Patrícia Colmeneto, uma das criadoras do projeto,
acredita que facilitar esse acesso e possibilitar que o público conheça os
trabalhos é um passo importantíssimo para quebrar o estigma de que a poesia,
por brincar com as palavras e a linguagem, não é acessível ou fácil de ser lida
por todos. O objetivo é ampliar o acesso ao trabalho de poetas em cada cidade,
como as criações das autoras brasilienses Noélia Ribeiro, Seira Beira, Marina
Mara, Juliana Motter, Manuela Castelo Branco, entre tantas outras.
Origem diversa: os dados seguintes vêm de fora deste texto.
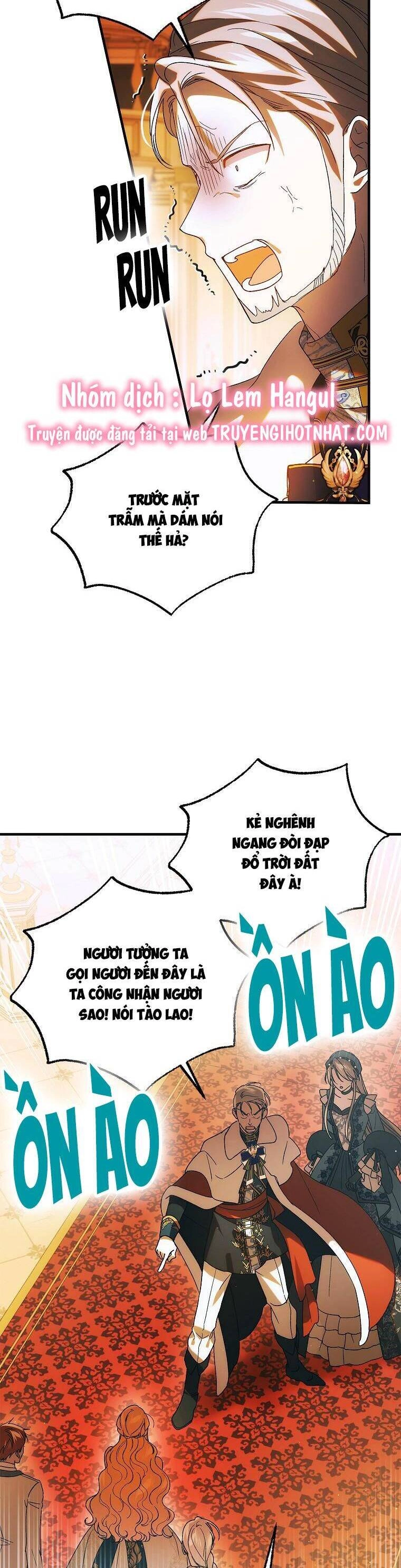 Cách Để Em Bảo Vệ Anh Chapter 102 - 12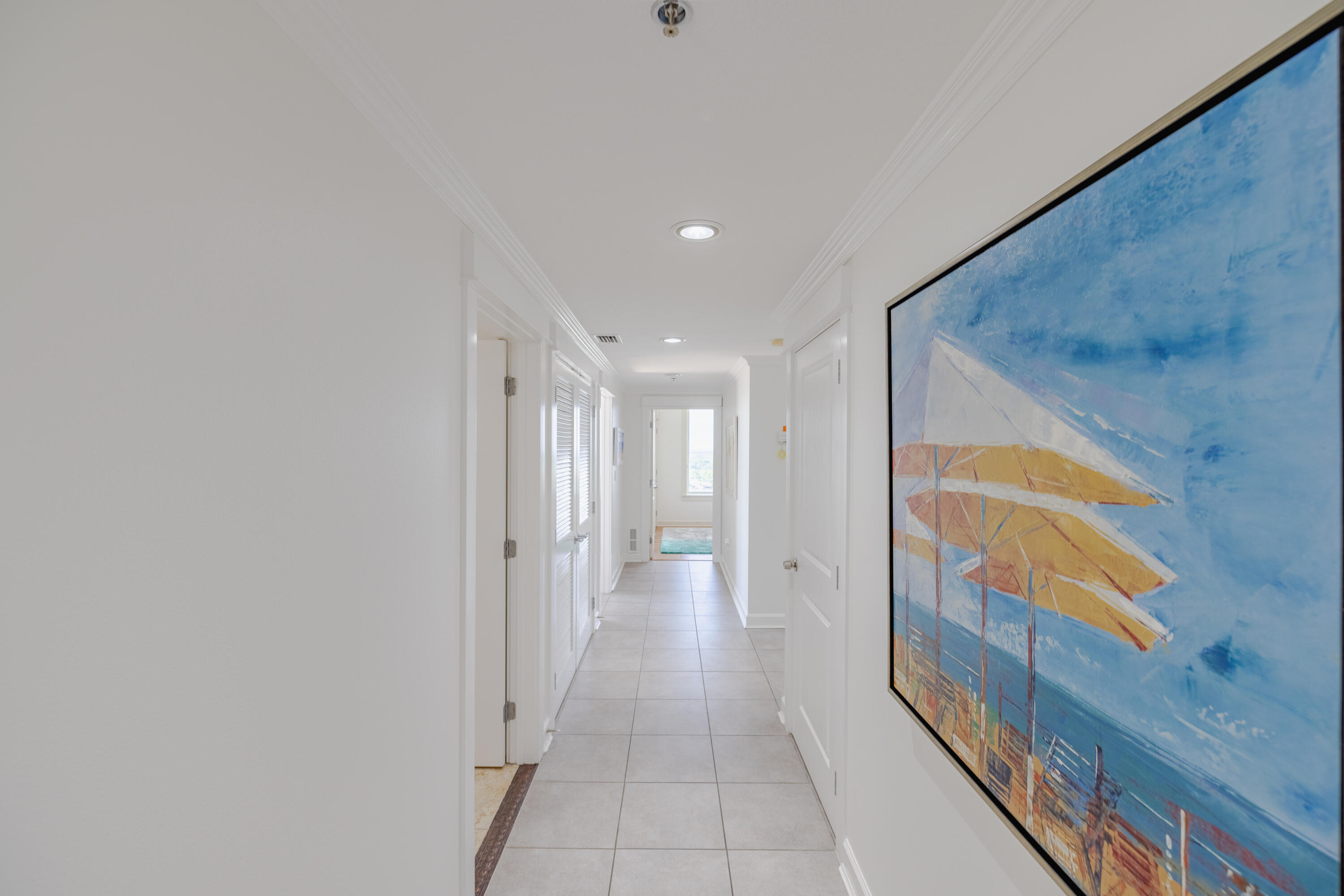 Grand Panama Beach Resorts - Residential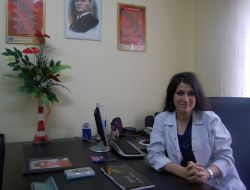 'Lodos Felaketiniz Olmasın' Uyarısı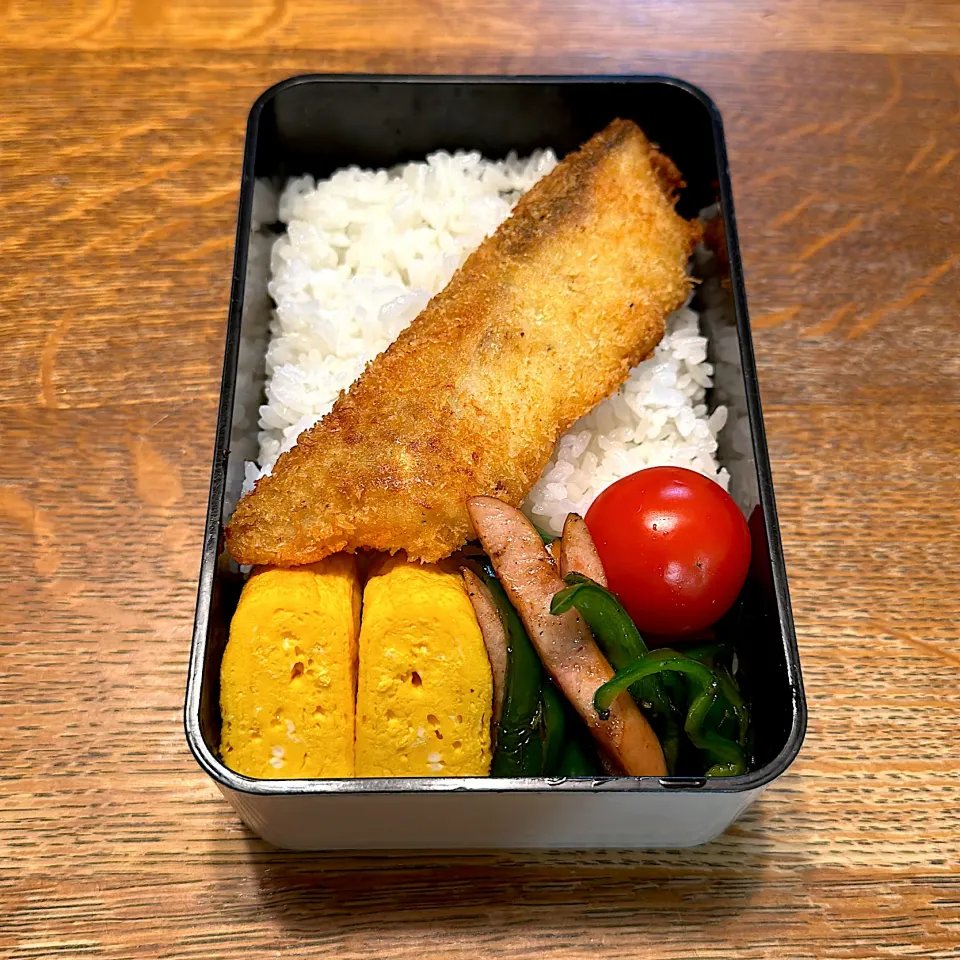 中学生弁当|tenoaさん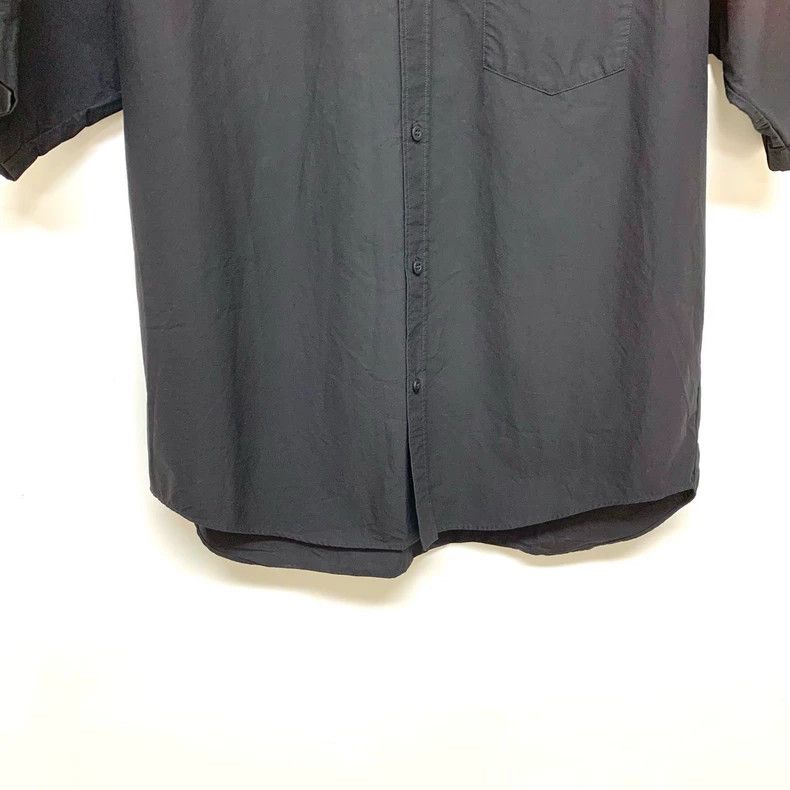 Balenciaga Balenciaga size 37 24 New Splash Ink Doodle Coke Cardigan Size US M / EU 48-50 / 2 - 4 Thumbnail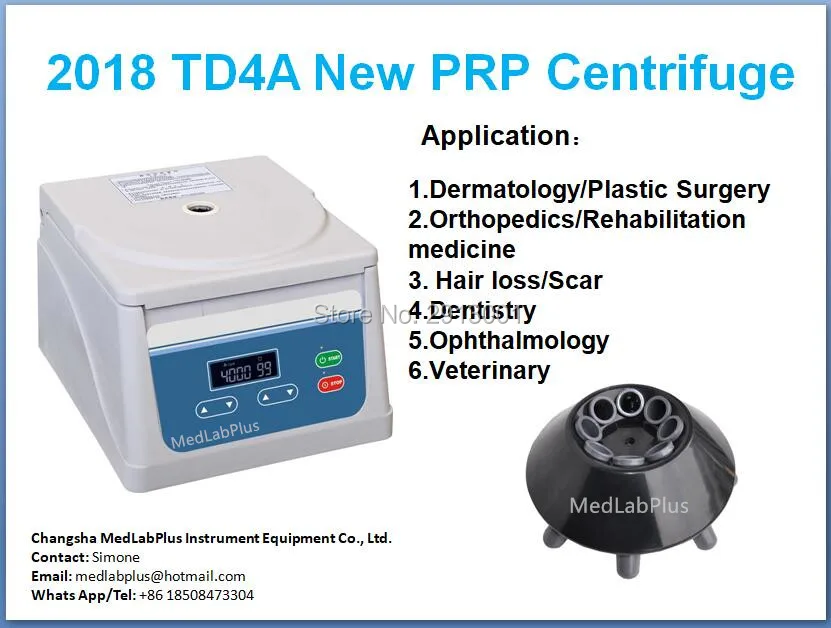 PRP centrfiuge 01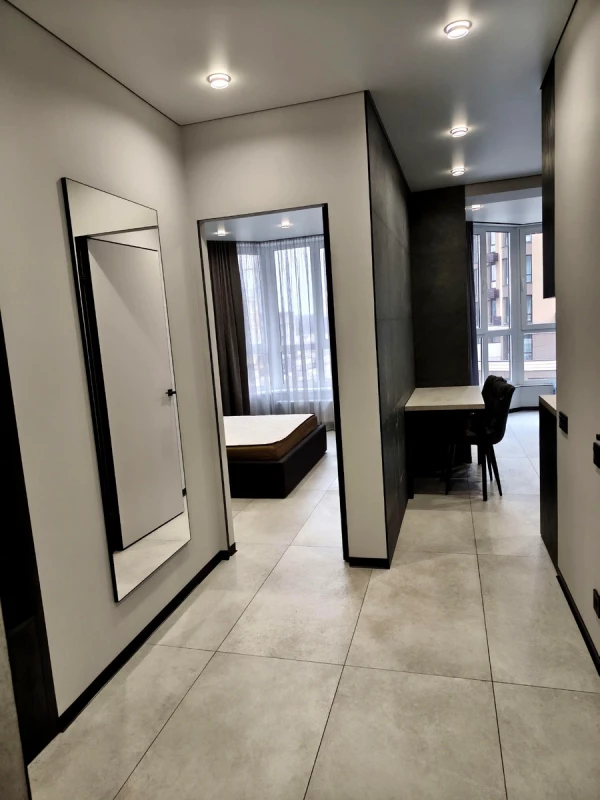 Квартира 1-кімн. оренда Софіївська Борщагівка – 17 м², Софіївська Борщагівка — 3/15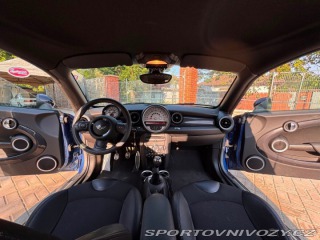 Mini Ostatní modely coupe 2015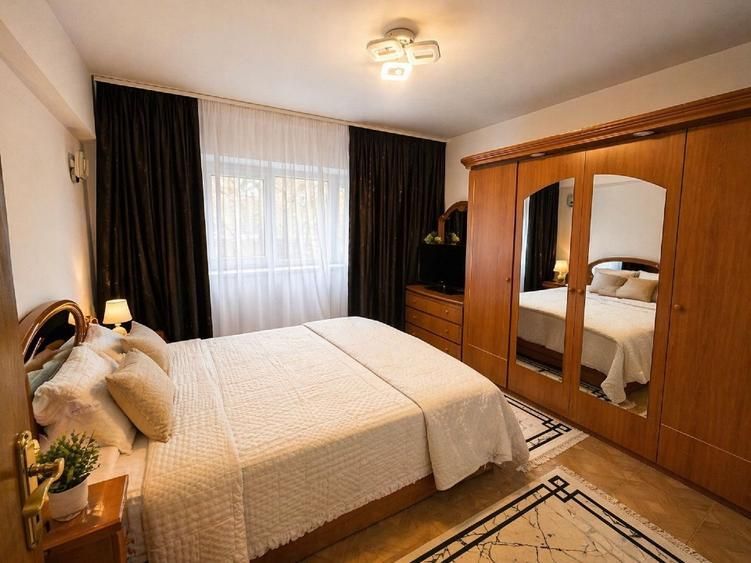 2 Camere Lujerului Prima închiriere după renovare | Centrală proprie | Loc Parca - Poză 1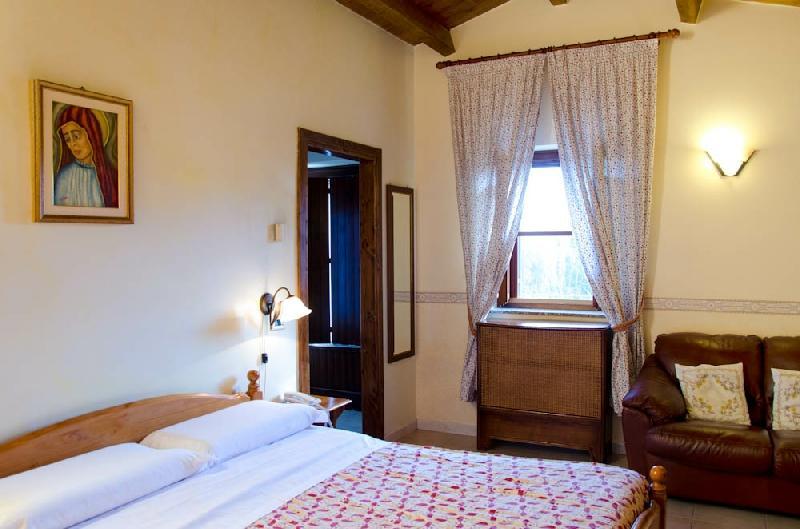 Agriturismo Amicizia Cassano delle Murge Exterior photo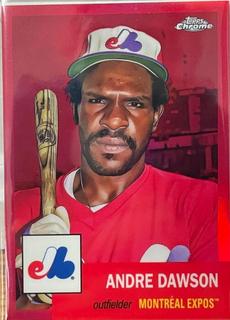 Andre Dawson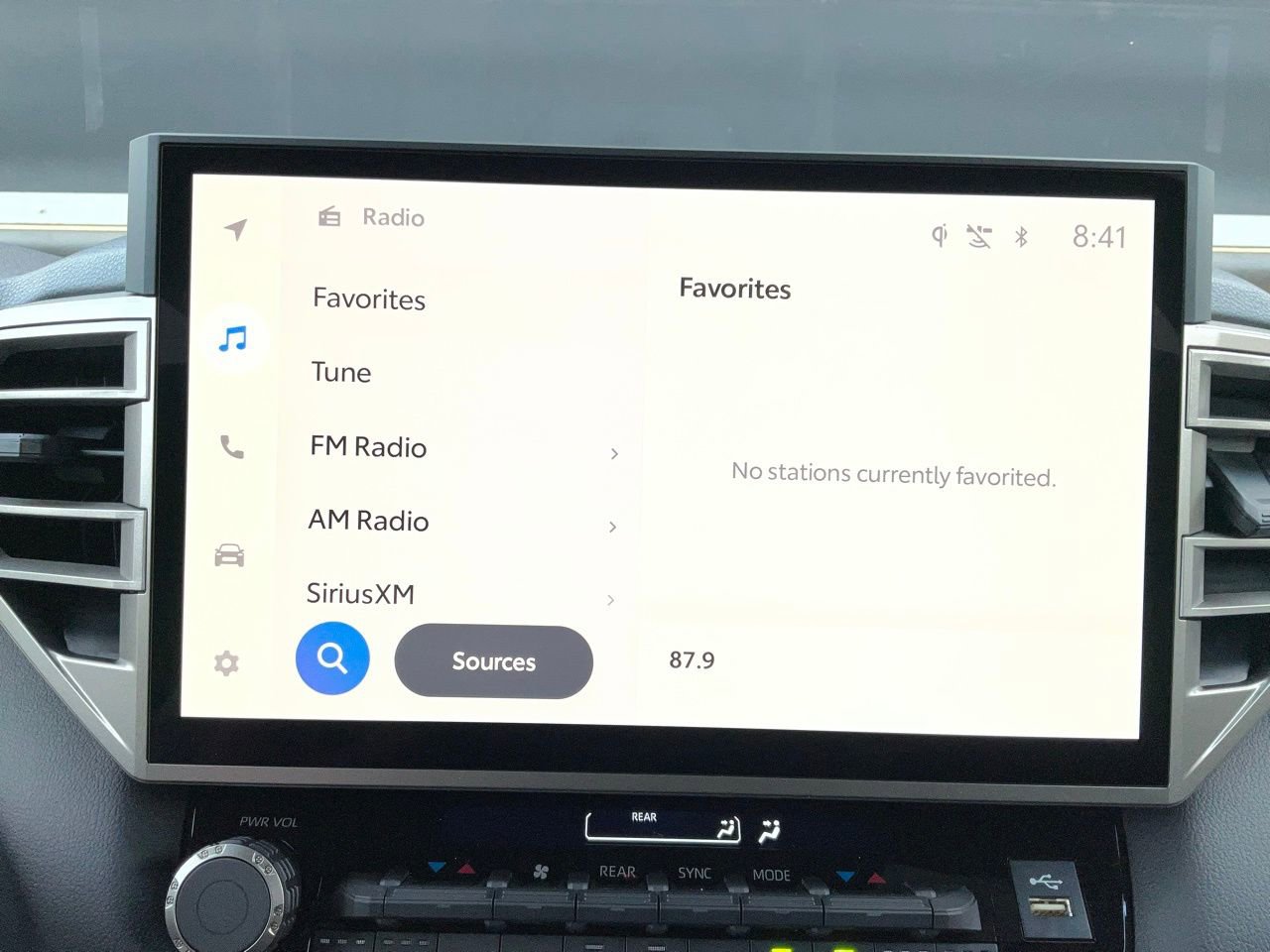 New 2026 Toyota Sequoia Limited image 36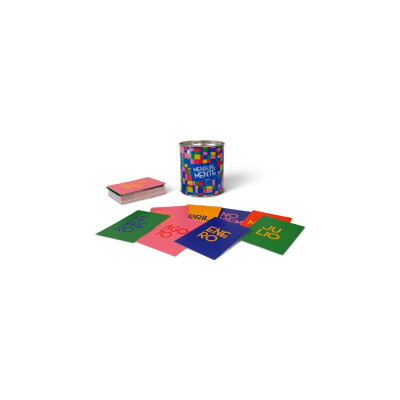Juego de Mesa Mensualmente Chau Pantallas Juego de Mesa Mensualmente Chau Pantallas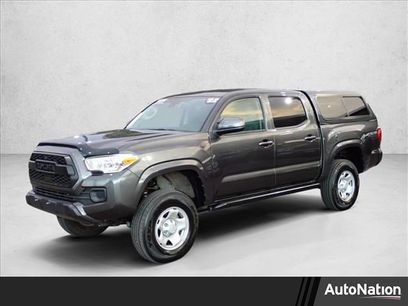 Used 2022 Toyota Tacoma SR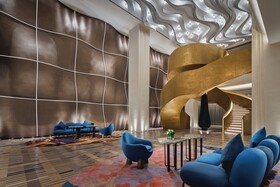 Hotel Indigo Yantai Golden Coast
O Leia poetisas foi criado para fortalecer a cena
poética e escolheu esse nome para deixar claro que o grupo de leitura e debates
seria focado na produção feita por mulheres. Colmeneto acredita que esse tipo
de projeto é importantíssimo para equilibrar as estatísticas entre homens e
mulheres na literatura e lembra que esse é um problema histórico, já que elas
foram por muito tempo proibidas de escrever.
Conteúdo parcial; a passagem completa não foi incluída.